Pesquisadora aponta falha nos itinerários formativos do Novo Ensino Médio
Alessandra Moulin, que defendeu tese de doutorado este mês, levanta falhas no modelo de itinerários e na garantia de ensino adaptado para as realidades docentes no novo ensino médio
Artur Maldaner
“As questões estruturais das escolas não permitem que os itinerários sejam colocados em prática da forma que foram pensados”, afirma a pesquisadora Maria Alessandra Lima Moulin, 48 anos, que defendeu tese de doutorado, este mês, sobre a implementação de itinerários formativos nas escolas públicas do Acre, do Ceará e do Distrito Federal. A pesquisa de Alessandra aponta — e compara— os problemas de criação dos itinerários em regiões menos privilegiadas do país e como a estrutura educacional da rede pública brasileira não é adequada para as matérias opcionais. Portanto, Alessandra comenta que a nova resolução do Conselho Nacional de Educação (CNE) e homologada pelo Ministério da Educação, que institui os parâmetros curriculares dos itinerários, não será eficaz em garantir educação formativa.
A pesquisadora não acredita na forma como a Base Nacional Comum Curricular (BNCC) do Novo Ensino Médio foi estruturada. Para ela, os itinerários causaram impacto negativo no o à educação do país, devido à disparidade estrutural das instituições de ensino, fato observado no seu período de pesquisa. Ela explica que a falta de professores e espaços educacionais impedem a consolidação dos itinerários e de seu propósito original, que era de uma adaptação educacional da necessidade individual do educando.

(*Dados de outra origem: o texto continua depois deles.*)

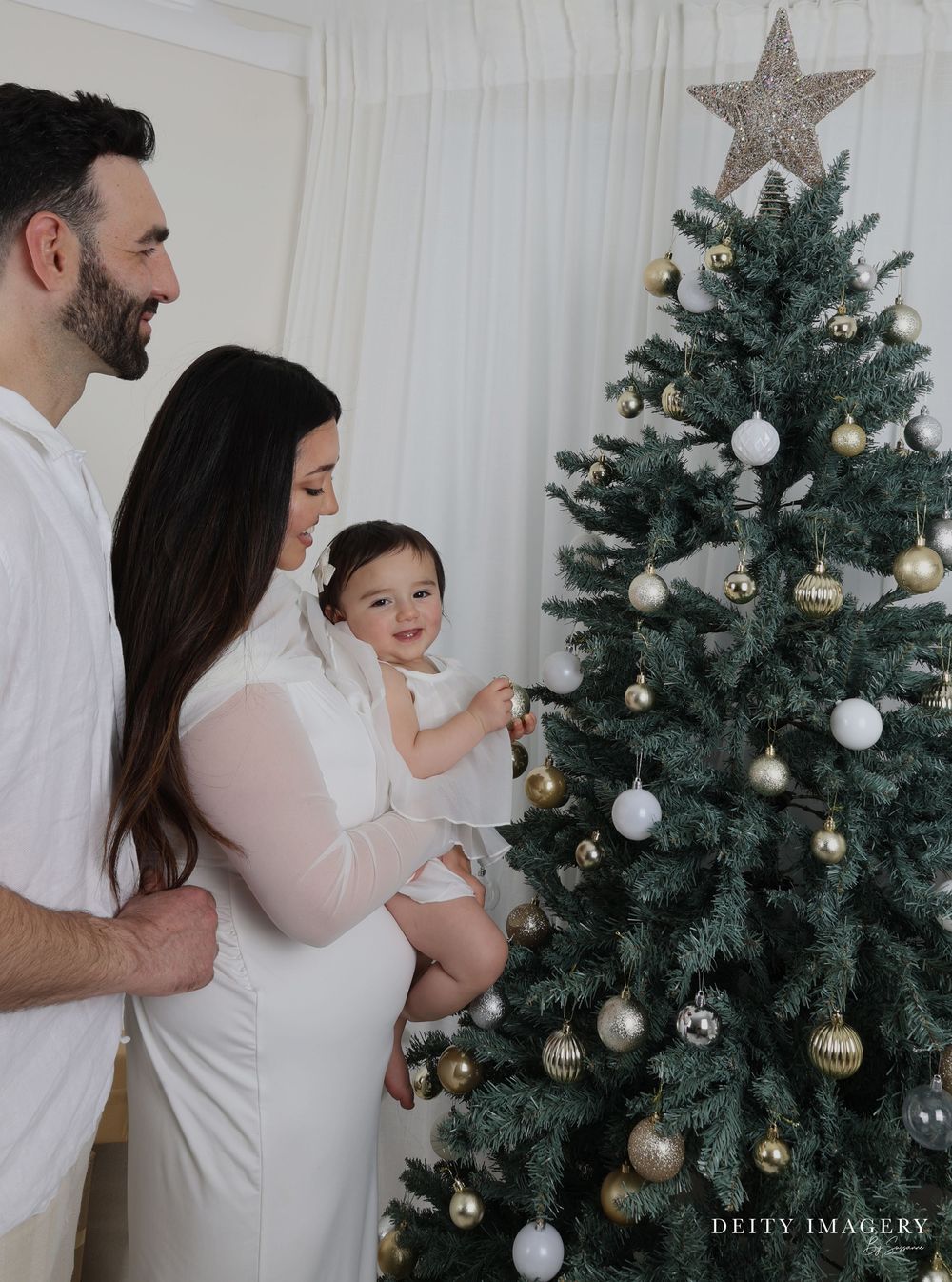 Modern family gathered around a decorated Christmas tree with white, silver and gold ornaments during holiday season.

Na pesquisa desenvolvida, foi verificada a realidade de ofertas dos itinerários e que, muitas vezes, as escolas selecionam os conteúdos que serão abordados com uma pesquisa entre os alunos, e o itinerário mais votado é o que será lecionado. “Olha o absurdo disso, não estou te falando algo fictício, isso tem acontecido na realidade das escolas,” afirma Alessandra. A pesquisadora explica que as ementas, muitas vezes, são formuladas pelas secretarias de educação dos estados, em vez dos professores que acompanham o dia a dia escolar, de forma que o modelo não se adeque com a estrutura pedagógica do país, mesmo com novos debates e implementações do CNE.
Na resolução n°4 de 13 de maio de 2025, o CNE propõe o aprofundamento da formação de estudantes de ensino médio, por meio de parâmetros curriculares bem definidos para cada área do conhecimento, além de melhorias nos espaços educacionais e formação de professores. Alessandra defende que a visão do CNE é utópica e que, apesar da diminuição da carga horária mínima dos itinerários para 600 horas semestrais, o que reduz a fragmentação curricular, a realidade do país ainda não condiz com o planejamento do Conselho Nacional de Educação.

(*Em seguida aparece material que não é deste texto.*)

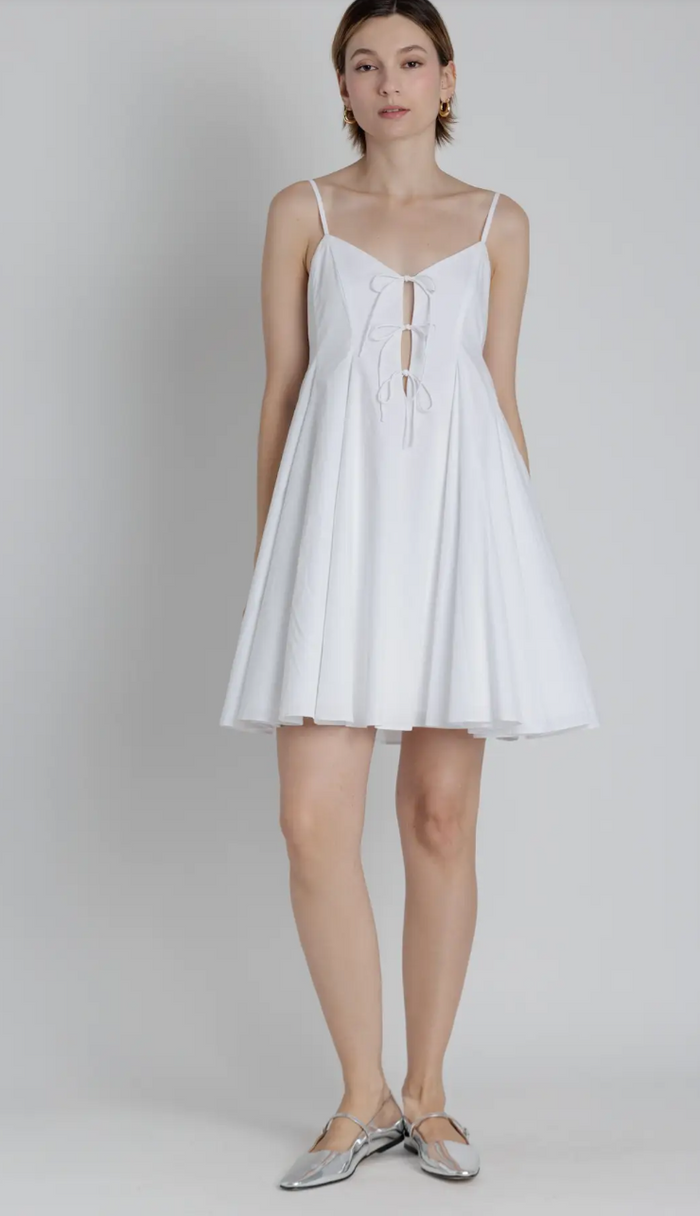 White dress with thin straps worn by a model on a plain background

“Pela pesquisa que eu desenvolvi, vi que temos uma diferença muito grande entre as escolas da Secretaria de Educação das regiões que observei. No Acre, mais de 70% das escolas de ensino médio estão nas áreas rurais, e dentro dessa realidade nós temos escolas que não tem sequer um pátio, que não tem um laboratório”, destaca a pedagoga. Ela também defende que as novas iniciativas do CNE ainda seguem a lógica da Base Nacional Comum Curricular, na qual as resoluções governamentais ficam em um meio termo entre currículo efetivo e diretriz curricular, impedindo a flexibilidade efetiva das ementas para a realidade de cada instituição escolar.
A especialista explica que os itinerários formativos foram criados em 2017, na idealização do Novo Ensino Médio e que, na época, a implementação não teve a discussão devida com a comunidade educacional. Porém, acredita que os projetos do CNE estão começando a se mostrar mais democráticos: “Ano ado, a gente percebeu uma abertura maior de discussão, envolvendo várias entidades, e isso é imprescindível quando a gente vai pensar em política pública e, principalmente, numa política curricular, que vai impactar diretamente a realidade da população como um todo. Então, o que eu percebo é que já existe um caminhar mais democrático", aponta.

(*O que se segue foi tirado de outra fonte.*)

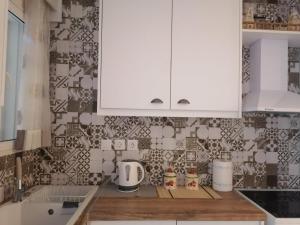 a kitchen with white cabinets and tiles on the wall at La Casa di Levante in Zakynthos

Alessandra também critica o papel da mídia no processo de criação do Novo Ensino Médio, que ressalta os itinerários formativos como uma boa ferramenta para a juventude, que seria preparada para o mercado de trabalho. No entanto, essa noção ignora a educação como princípio da formação humana e cria disparidade entre o ensino público e particular, que já é mais voltado para ingresso no mercado de trabalho. “No ensino médio, o trabalho deve ser visto como princípio educativo, para que essa essa juventude se veja dentro de um grupo social. Não devemos adequar a forma de organizar e estruturar o ensino para atender um mercado de trabalho presumido", expõe.